白い布切れを追いかけた視線が、白哉へと戻された。蒼い視線に不愉快が浮かぶ。
『これで「できる」だなんて、下手な世辞だ。面白くないし、嬉しくもない』
「…………」
返答はなかったが、隙なく構える白哉の面持ちは、下らぬ嘘で敵を油断させるような真似をする男の顔には見えない。
白哉の発言に怪訝そうな表情をしていたカワキは、先刻の言葉がどうやら本心からのものであるらしいと知り、顔を顰めた。
『世辞や冗談じゃないなら、落胆した——幼い私に父が語った護廷十三隊は、そんな惰弱の集団じゃない』
「……なんだと? 人間の分際で、我らの何を知っている? 減らず口を叩くな」
ぴくりと眉を動かした白哉の冷徹な表情から、不愉快と怒りが滲み出す。
カワキを睥睨する凍てついた眼差しは、知った口を聞くなと、雄弁に語っていた。
次の瞬間——今度は白哉が攻勢に出た。瞬きの間に、カワキの背後に立った白哉が刀を一閃する。
間一髪、斬撃に合わせて飛び退くことでダメージを軽減したカワキが、流れ出た血を手のひらに溜めて白哉の目を狙った。
呆気なく躱され、追撃が迫る。
目で追うことはできる。だが、弱った体がついていかない——カワキは己の力不足に苛立ちを覚えた。
『……っ、……くっ……』
「終わりだ、小娘」
ゆっくりと、しかし着実に、白哉の勝利——そしてカワキの敗北が、すぐそこまで迫っていた。
突きつけられた実力差。
息も絶え絶え、視界が霞んでも、カワキは思考を止めることだけはしなかった。
(制限状態でこの強さ……いや、私が弱いんだな。失って、封じられて——そうして得るものもあるのか)
ああ、もしかしたら。
「あの人」は、私にそれを教えたかったのかも。だとしたら——なんて遠回りで、なんてわかりにくい伝え方だろう。
思わず、笑いが込み上げた。
『……ふ、あはは……』
「何がおかしい?」
『うん? なんて言えばいいんだろう? そうだな……強いて言えば、私の弱さが』
「気が触れたか……これ以上、貴様のような羽虫にかける時間はない。失せろ」
突然、幼い子供のような笑い声を上げてそう告げたカワキに、白哉は早々に決着をつけようと動いた。

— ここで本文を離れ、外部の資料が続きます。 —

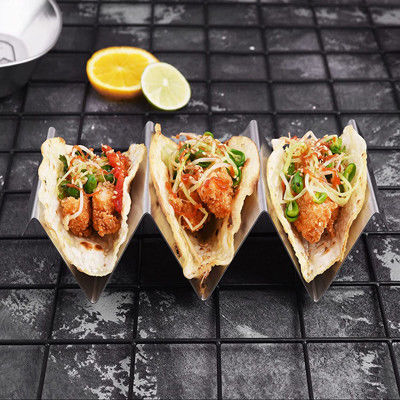Splitter-Edelstahl-Taco-Halter sind Küchen-Versorgungen sperrig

そして、今度こそ——地に伏したカワキが起き上がることはなかった。
◇◇◇
死神達が去った空座町に、雨が降る。水を踏む足音が間近に聞こえた。
道路に横たわったカワキが、ゆっくりと視線を上げる。
『……浦原さん……』
足音の主を見上げたカワキが、掠れた声で名を呼んだ。
ぼんやりとした調子で、先刻の出来事を淡々と伝える。
『朽木さんなら尸魂界に帰ったよ、迎えの者と一緒に。……あなたは誰に何の用?』
「……そっスか」
いつも捉えどころのない駄菓子屋の店主は、今夜はどこか気落ちして見えた。
深く被った帽子と、雨除けに差した番傘が作る影で、表情はよく見えない。
「アタシは……少し散歩に」
用件を問いかけたカワキに返されたのは見え透いた嘘。けれど、カワキは浦原の嘘を追求はしなかった。
「……怪我は平気っスか? カワキサン」
『大丈夫。今夜のことは、次に活かそう。そう思える程度には、元気だよ』
それ以上何も言わずに、浦原を見上げていると、後ろめたさが尾を引く声が、治療を申し出た。
「……よければ、治しますよ」
『ありがとう。だけど、私より一護を優先して。さっきまで……ずっと泣いてた』
眉を下げた浦原が、力ない笑みでカワキに言った。